▸ DATA PROVIDED
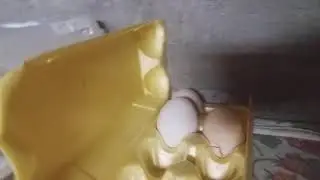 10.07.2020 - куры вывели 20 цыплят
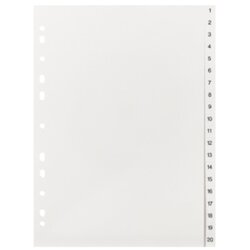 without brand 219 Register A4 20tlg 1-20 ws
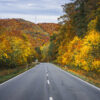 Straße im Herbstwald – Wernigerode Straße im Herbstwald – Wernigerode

▸ TASK REQUIREMENTS
In your copy, omit the pictures and restate every line of the data word for word.

▸ WRITTEN REPLY
 10.07.2020 - куры вывели 20 цыплят
 without brand 219 Register A4 20tlg 1-20 ws
 Straße im Herbstwald – Wernigerode Straße im Herbstwald – Wernigerode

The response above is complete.